Roderick called out to him: "Only one word! I shall set off tomorrow at daybreak with my friend here, to spend a few days in the country, but will look in upon you to say goodbye before we start. Should you be asleep, as is most likely, you need not take the trouble of waking; for, before a week is out, I shall be back again.--The strangest being upon earth!" he continued, turning to his neighbour; "so moping and fretful, such a splitter of thoughts, that he turns all his pleasures sour; or rather there is no such thing as pleasure for him. Instead of walking about with his fellow creatures in broad daylight and enjoying himself, he gets down to the bottom of the well of his fancies, in the hope of now and then catching a glimpse of a star. Everything must be in the superlative for him: everything must be pure, and majestic, and etherial, and celestial: his heart must be always throbbing and heaving, even when he is standing before a puppet show. He never laughs or cries, but can only smile and weep; and forsooth there is mighty little difference between his weeping and his smiling. When anything, be it what it may, falls short of his anticipations and preconceptions, which are always flying up out of reach and sight, he puts on a tragical face, and complains that it is a base and soulless world. At this very moment, I make no doubt, he is requiring that under the masks of a Pantaloon or a Punch there should be a soul glowing with unearthly desires and ideal aspirations, and that Harlequin should outmoralize Hamlet on the nothingness of sublunary things: and if these expectations are disappointed, as they can never fail to be, the dew is sure to rise into his eyes, and he will turn his back on the whole motley scene in desponding contempt."

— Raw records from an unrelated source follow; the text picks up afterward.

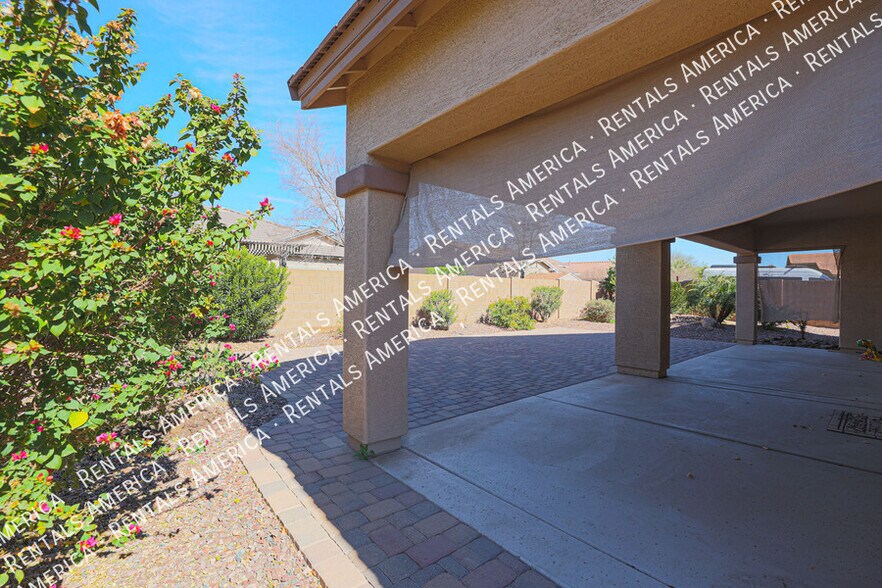 Building Photo - 2954 E Coconino Dr
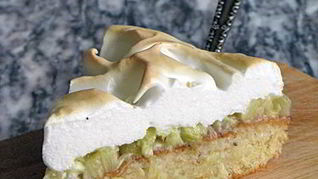 Сочный ревенный пирог под шапкой-безе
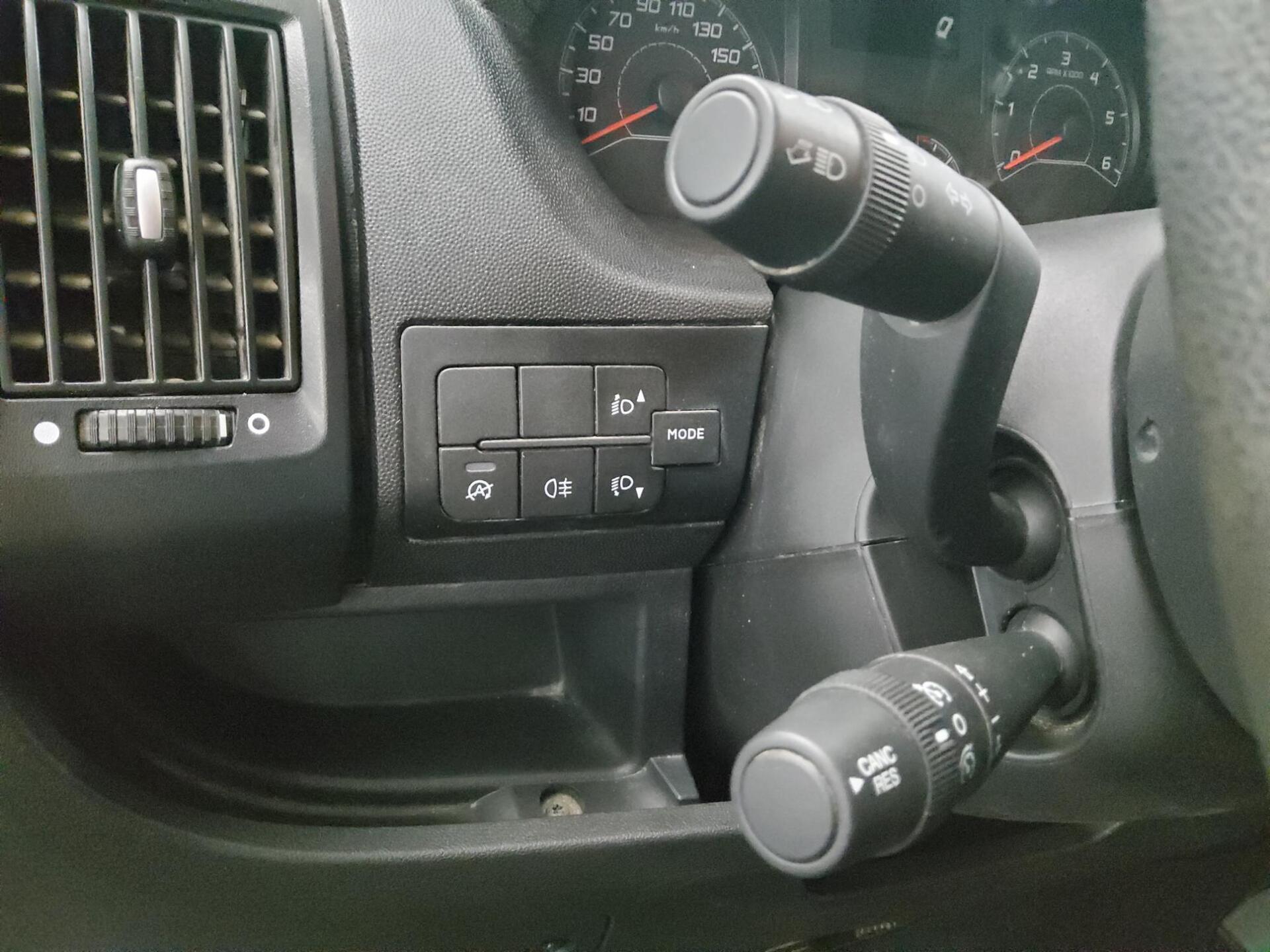 Opel Movano 2.2 CDTI Doka 7-Sitze Klima Tempomat 13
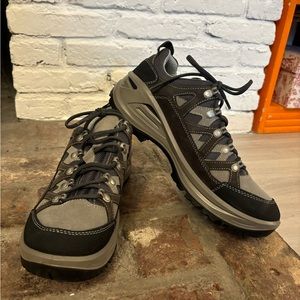 Size 8.5 L.L. Bean sneakers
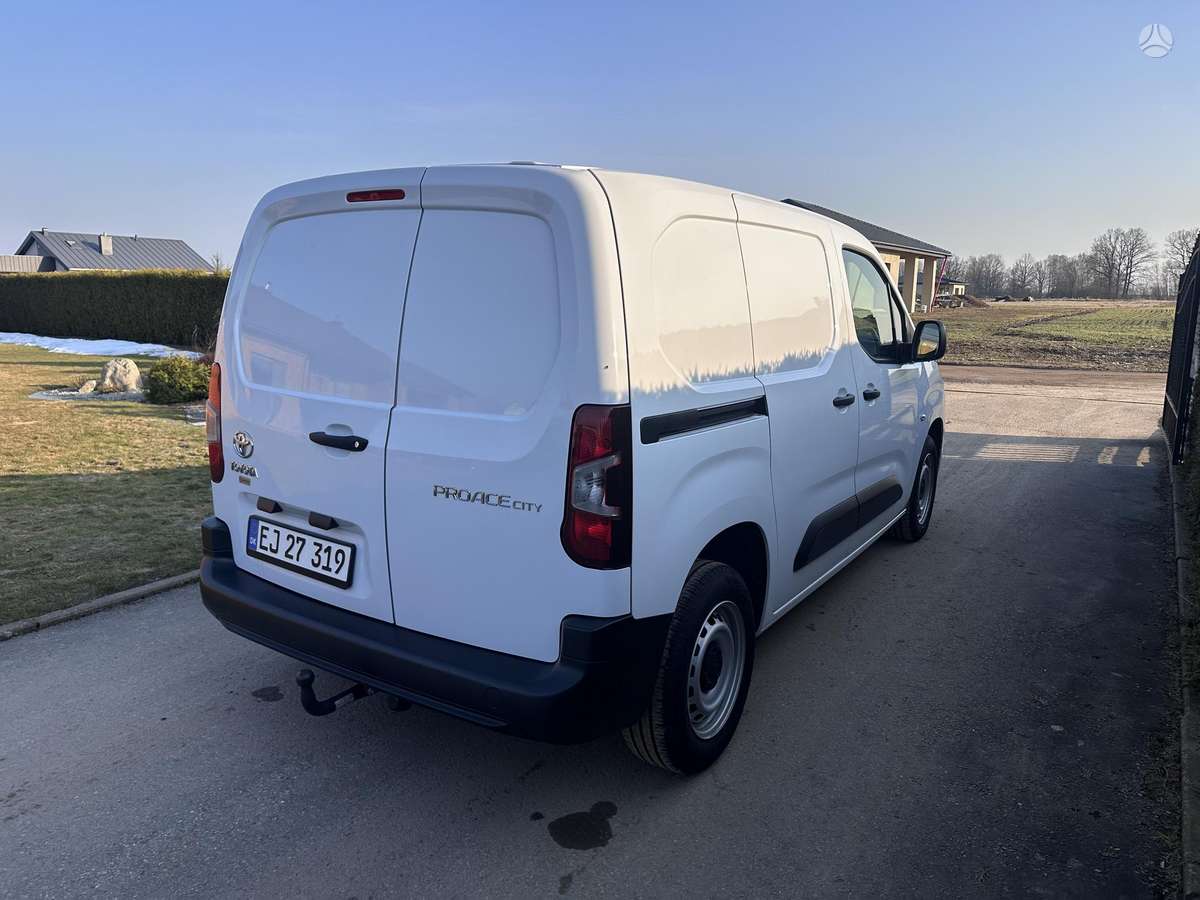 Toyota Proace City - 7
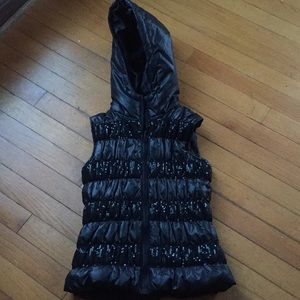 Girls puff vest, size small fits 6-7 year old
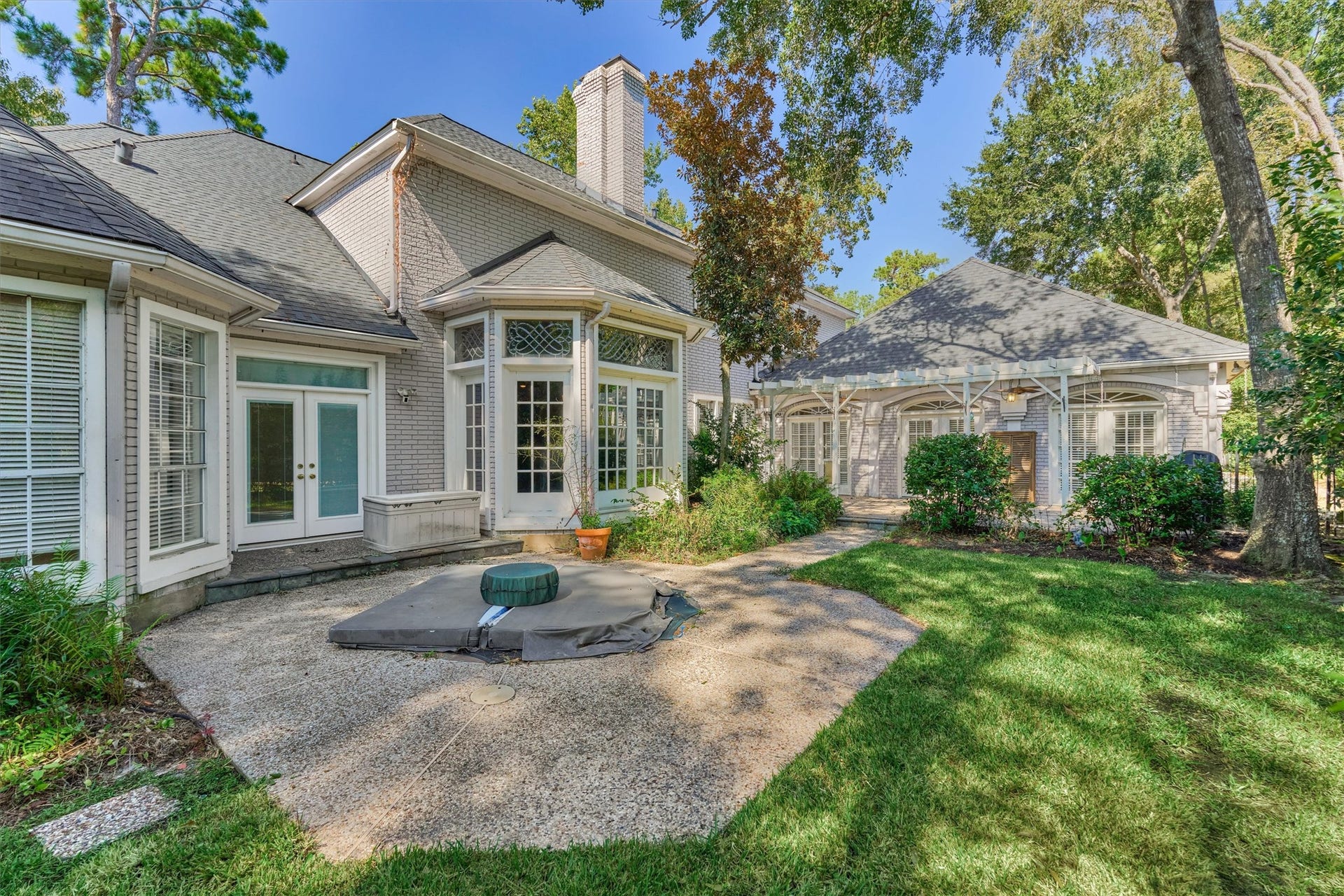 26 S Brokenfern Drive, The Woodlands, TX 77380 Private backyard with in-ground spa and patio.
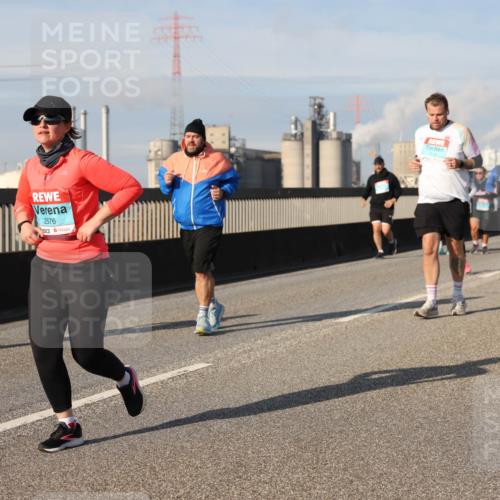 03.10.2025 - Köhlbrandbrückenlauf Lena Gebhardt http://msf.ph/oto/9096885 03.10.2025 10:10:07 Position 2 2576 meine-sportfotos.de
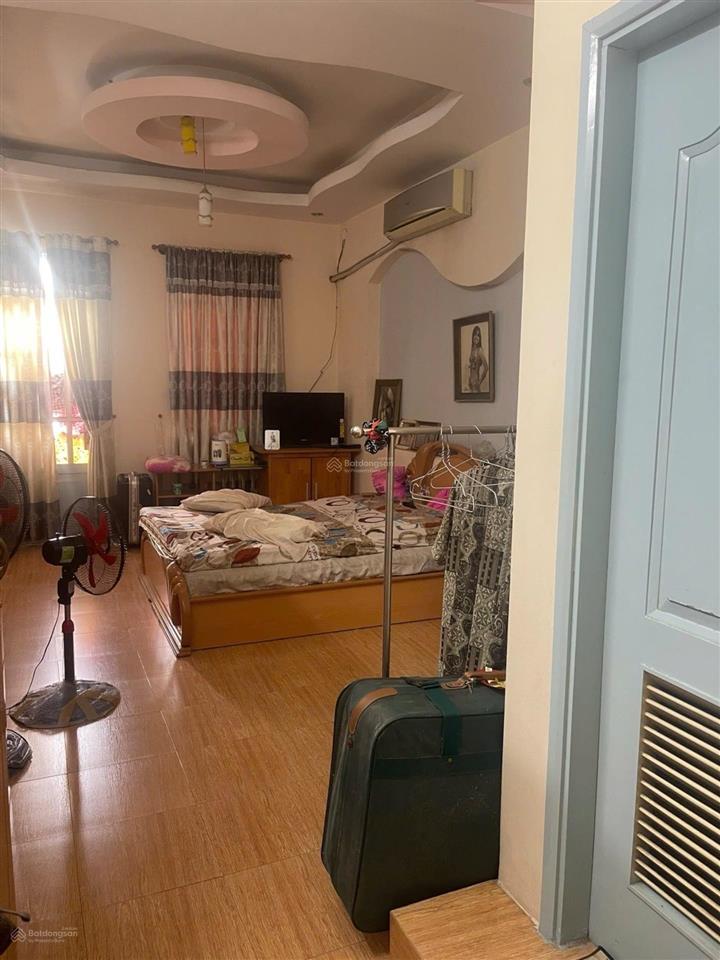 Chủ nhiệt bán giảm 200tr, giá còn 9,3 tỷ nhà mặt tiền đường số  kdc bình hưng  bình chánh 3 tầng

"He must be atrabilious then?" askt his hearer.
"Not that exactly," answered Roderick: "he has only been spoilt by the indulgence of his overfond parents and by his own. He has accustomed himself to let his heart ebb and flow as regularly as the sea; and if this motion is ever at a stop, he cries out _a miracle!_ and would offer a prize to the philosopher who should give a satisfactory explanation of so marvellous a phenomenon. He is the best fellow under the sun; but all my painstaking to break him of this perverseness has been utterly vain and thrown away; and if I would not earn scurvy thanks for my goodwill, I must even let him follow his own devices."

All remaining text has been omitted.